Nach Berechnungen des SGB hätten Alleinstehende im Durchschnitt monatlich 200 Franken mehr im Portemonnaie, Ehepaare 350 Franken. Dieser Zuschlag soll es Rentnerinnen und Rentnern erlauben, den Existenzbedarf angemessen zu decken, so wie es die Verfassung verlangt.
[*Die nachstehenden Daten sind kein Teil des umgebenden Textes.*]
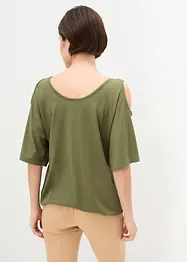 Cold shoulder shirt, bonprix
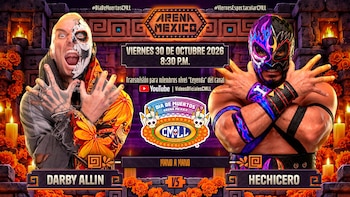 (Cortesía: CMLL)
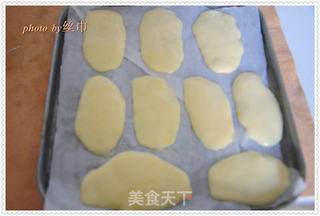 白果无水蛋香饼干的做法步骤：11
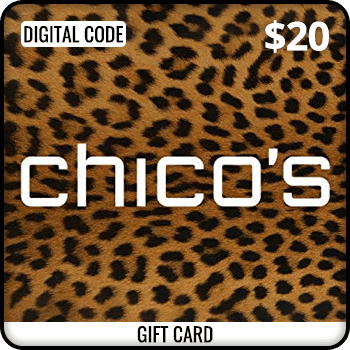 Chico's Gift Card $20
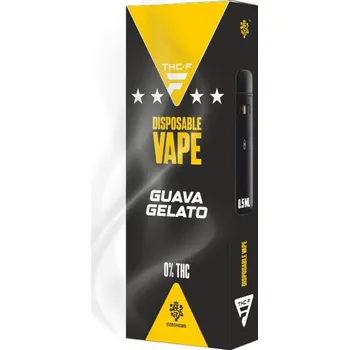 vaporizér Jednorázový vape disPOD THC-F – Guava Gelato Obsah: 1ml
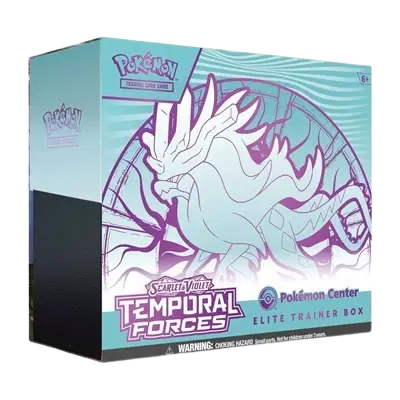 Temporal Forces Pokemon Center Elite Trainer Box (Exclusive) [Walking Wake]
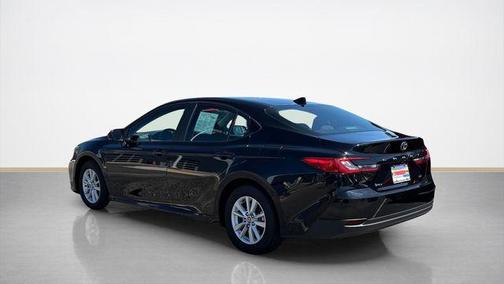 Midnight Black Metallic 2025 Toyota Camry LE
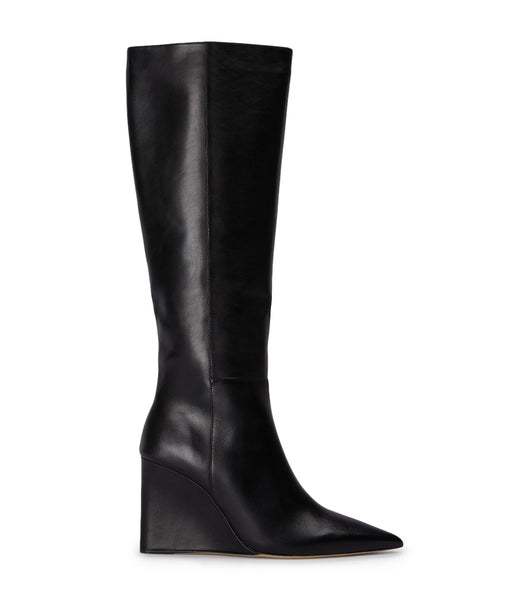 Botas hasta las rodillas Tony Bianco Drake Black Como 9.5cm Negras | YCLVQ47131
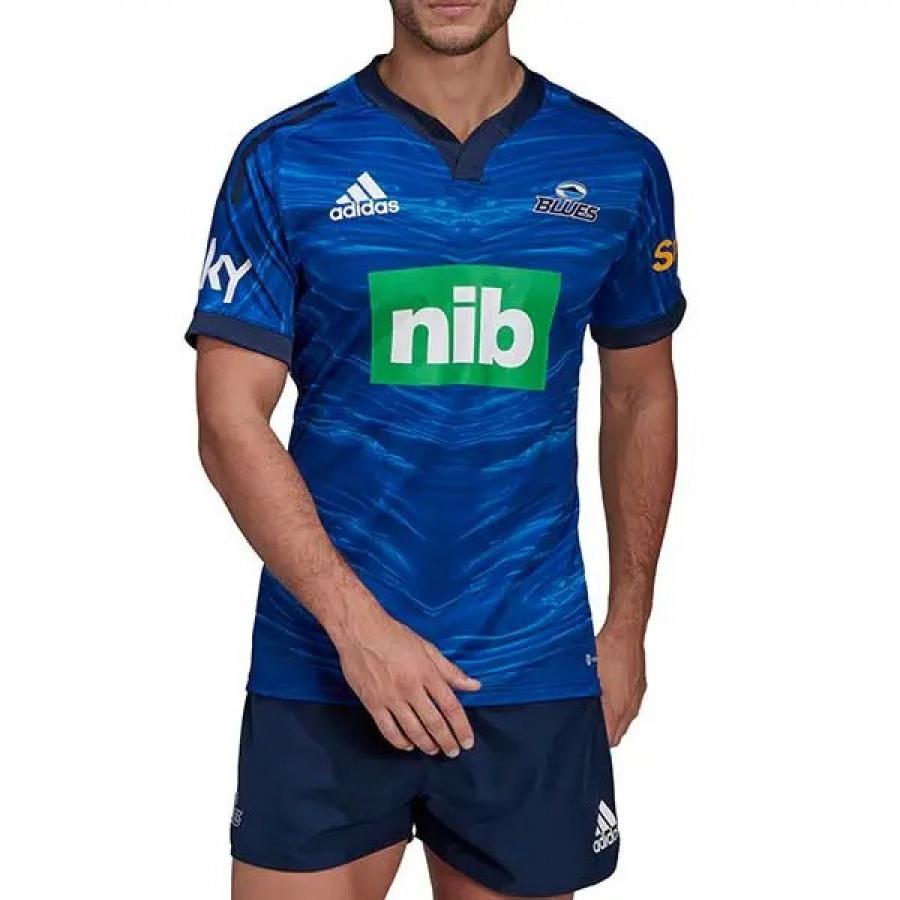 Blues 2022 Men's Super Home Rugby Jersey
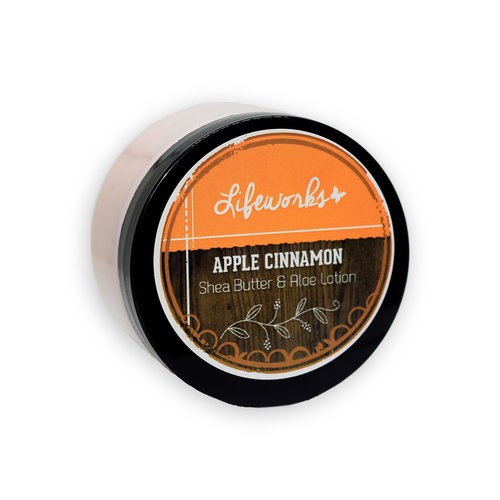 APPLE CINNAMON SHEA BUTTER & ALOE LOTION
Immer öfter ist das heute nicht der Fall. Zwar werden die Renten alle zwei Jahre an Teuerung und Löhne angepasst. Da die Lohnentwicklung aber nur zur Hälfte berücksichtigt ist, wird die Lücke zwischen Löhnen und Renten immer grösser. Das bestätigt der Bundesrat in seiner Botschaft ans Parlament. Nach seinen Angaben ist die so genannte Ersatzquote seit 1980 von 100 auf 91 Punkte gesunken.
Sinkende Renditen
Gleichzeitig haben die Gewerkschaften wenig Vertrauen in die Pensionskassen. Obwohl die Arbeitnehmenden immer mehr in die zweite Säule einzahlen müssten, bekämen sie immer weniger Rente, kritisieren sie. Die Turbulenzen an den Finanzmärkten lösten Rentenversprechen in Luft auf.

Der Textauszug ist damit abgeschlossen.